Since 2019, Puntland’s public financial management has undergone a dramatic restructuring, its largest shift in a generation. Budget classification systems were revised, new revenue categories were introduced, and projections increasingly leaned on assumptions rather than demonstrable economic indicators. These reforms were presented as a leap toward modernization and transparency, but in practice they produced a framework that is cumbersome, unreliable, and worryingly susceptible to political manipulation.

Having lived and worked in Puntland since 2018, and as someone who operates within the fields of financial inclusion, institutional development, and governance reform, I have watched these developments with close interest. My concern has always been straightforward: the public was being fed inconsistent figures, contradictory narratives, and projections that lacked any meaningful economic foundation. Analysts, civil servants, and informed citizens issued similar warnings. We cautioned that foreign-funded project allocations were being paraded as domestic revenue, that politically convenient projections were overshadowing actual economic performance, and that policymakers were prioritizing optics at the expense of real fiscal discipline.

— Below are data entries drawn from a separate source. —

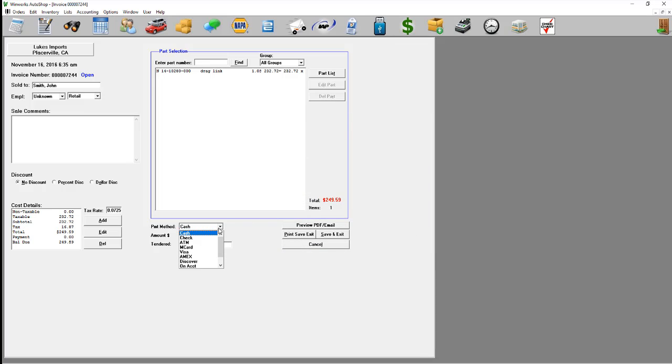You can select your payment method. You can also select a discount by percentage or dollar amount.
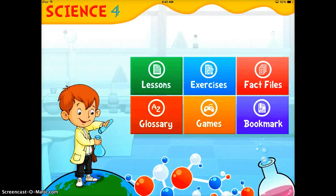eScience4 is an app that you can use to teach your students the various lessons in science. This particular app I really like because it has a wide variety of materials you can use. I'll briefly run through those.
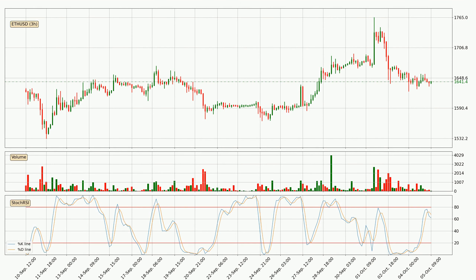Looking at the 3-hour stochastic RSI, there are no signs of the stochastic RSI being oversold or overbought at this time. But we can see that the trend is currently going down because the K line is below the D line.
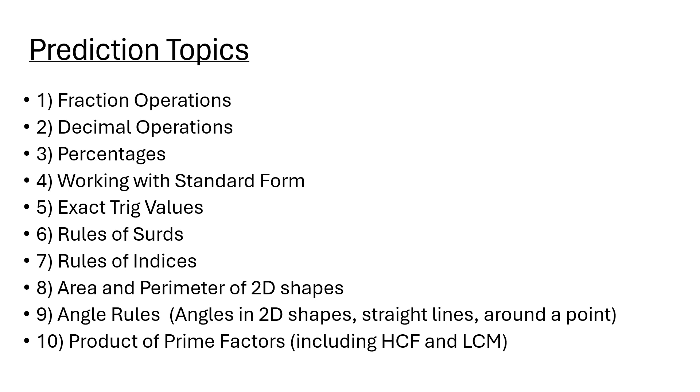Working with standard form - how to write numbers in standard form. Remember that it's a number between 1 and 10 times 10 to the power of something.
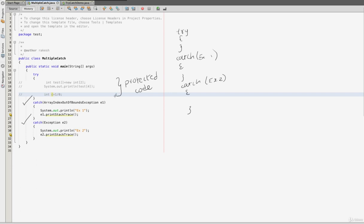If we use a protected code and if we use an exception throw, we use a protected code. So if we use a protected code, we can confirm the catch. What is the catch block? In the previous video, we use an exception catch block.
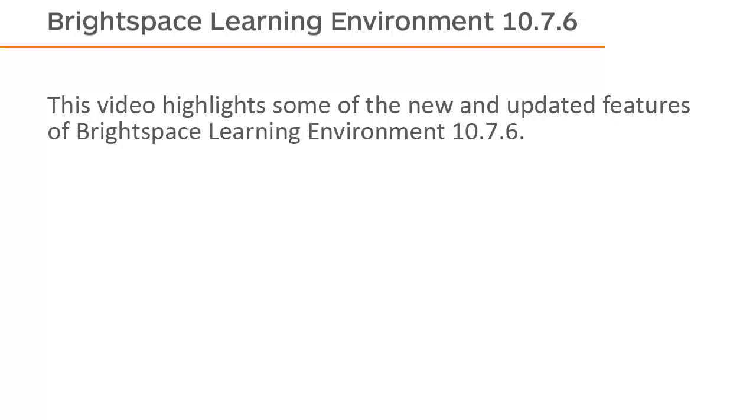This video highlights some of the new and updated features of Brightspace Learning Environment 10.7.6.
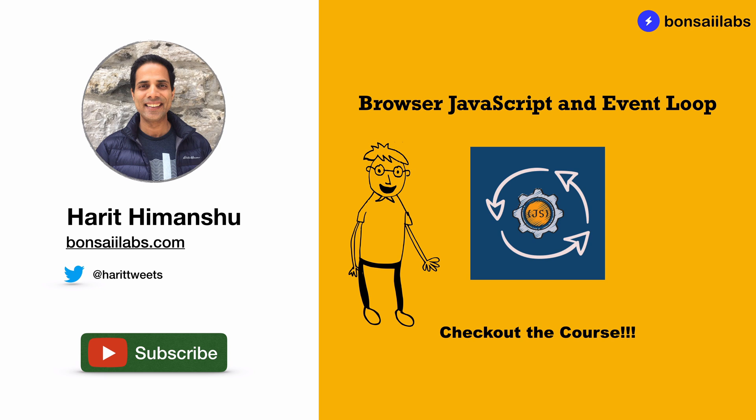This course educates on how JavaScript is executed behind the scenes and will cover various topics such as execution context and event loop. You will have the opportunity to visually see every step of JavaScript code execution. Check out the course link in the description below to learn more about the course.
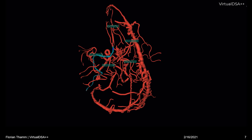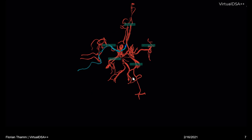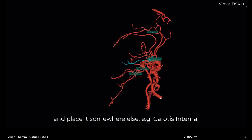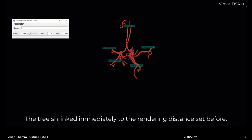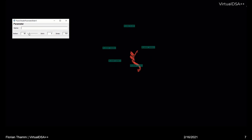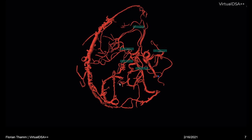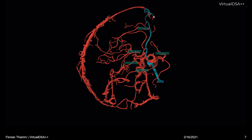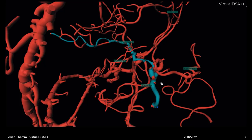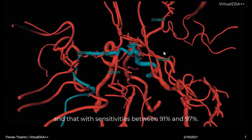We can reduce the model again to the relevant part, namely the circle of Willis, and replace the root node, for instance, into the carotis interna. This is the place where it makes more sense for planning mechanical thrombectomies. We already saw that the model changes immediately because we have a different reference point now, thus a different vein suppression model. With this subject, all labels are available and set correctly. In a preliminary experiment, we determined sensitivities between 91% and 97%, depending on the vessel, in terms of placing accuracy.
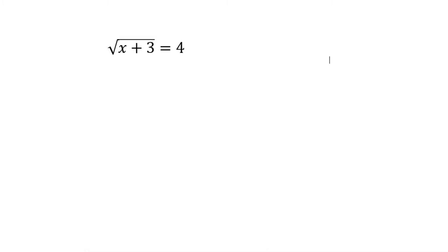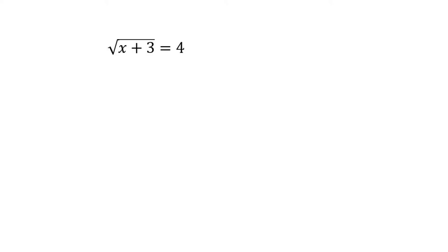This is our first square root equation. Now remember, if you've watched any of the previous videos on square roots and how to handle these, they're very easy. This is actually really easy marks.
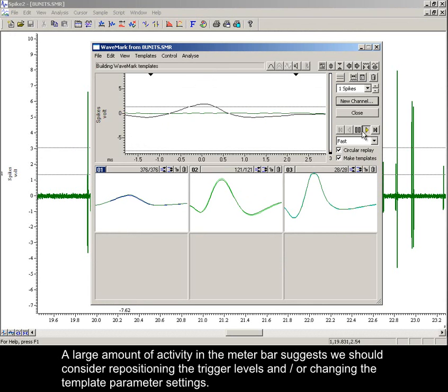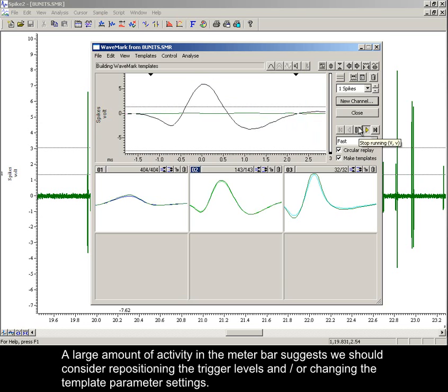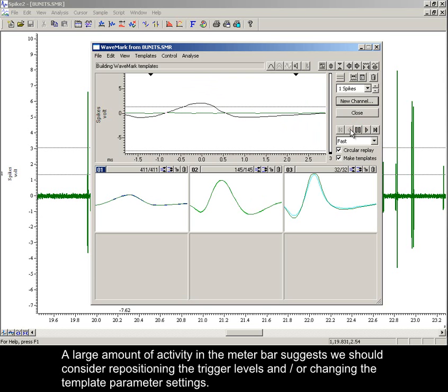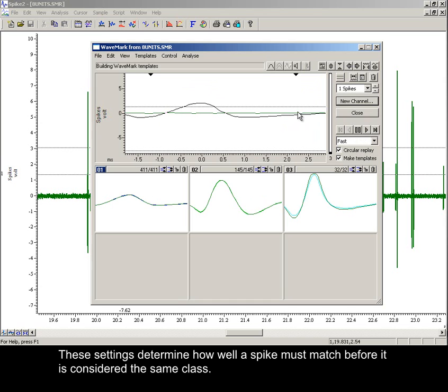A large amount of activity in the meter bar suggests we should consider repositioning the trigger levels and/or changing the template parameter settings. These settings determine how well a spike must match before it's considered the same class.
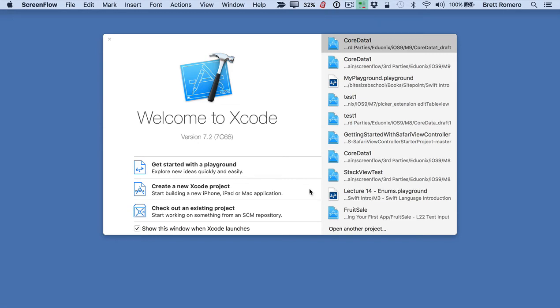Hi, my name is Brett from Bite Size Business School, and we're going to create an application that uses a table view, and we're going to make the table view editable. I mean you can rearrange rows, you can delete rows.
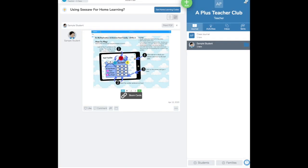This is a really good way to select different types of Boom Cards to differentiate for each student. And then that's it.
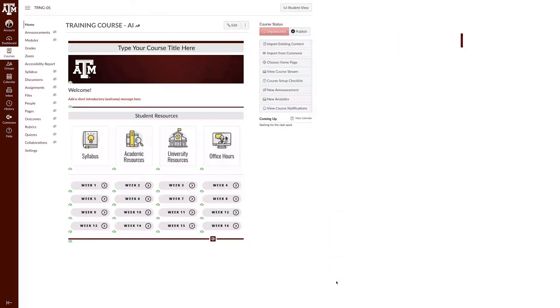There are two places to publish your course. The first is on the home page. In the top right corner, simply click publish to make your course visible to students.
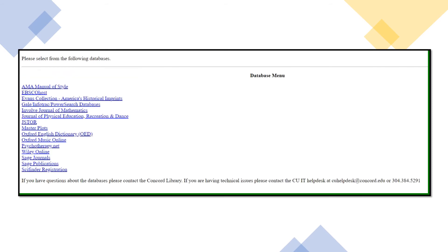Now that you're logged in, you'll see a page of all the available databases that you have access to. Simply click on the one of your choice to begin using it.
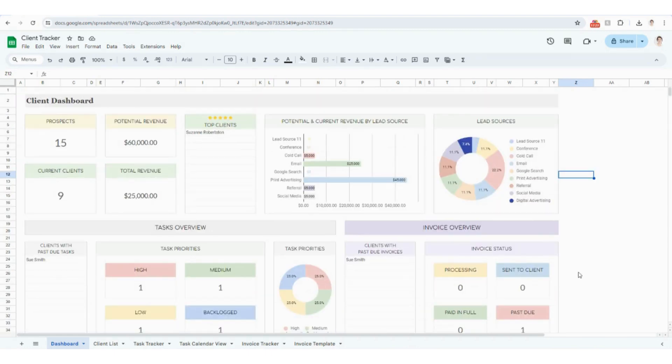So that is an overview of the client tracker. Thank you so much for your order and for following along, and I will see you in the next video.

Those warnings were dismissed. Today, the consequences are unmistakable.

The Puntland Cabinet recently endorsed the 2026 budget, placing it at $315,783,344 and branding it a 16% increase. At first glance, the message sounds encouraging, a sign of fiscal stability amid regional uncertainty. But any informed citizen comparing figures will immediately notice the truth: the 2025 budget stood at $466,840,762. That means the current proposal reflects a 32.4% contraction, not an increase.

The question, therefore, is not merely why such a drop occurred; it is why authorities insist on presenting decline as growth.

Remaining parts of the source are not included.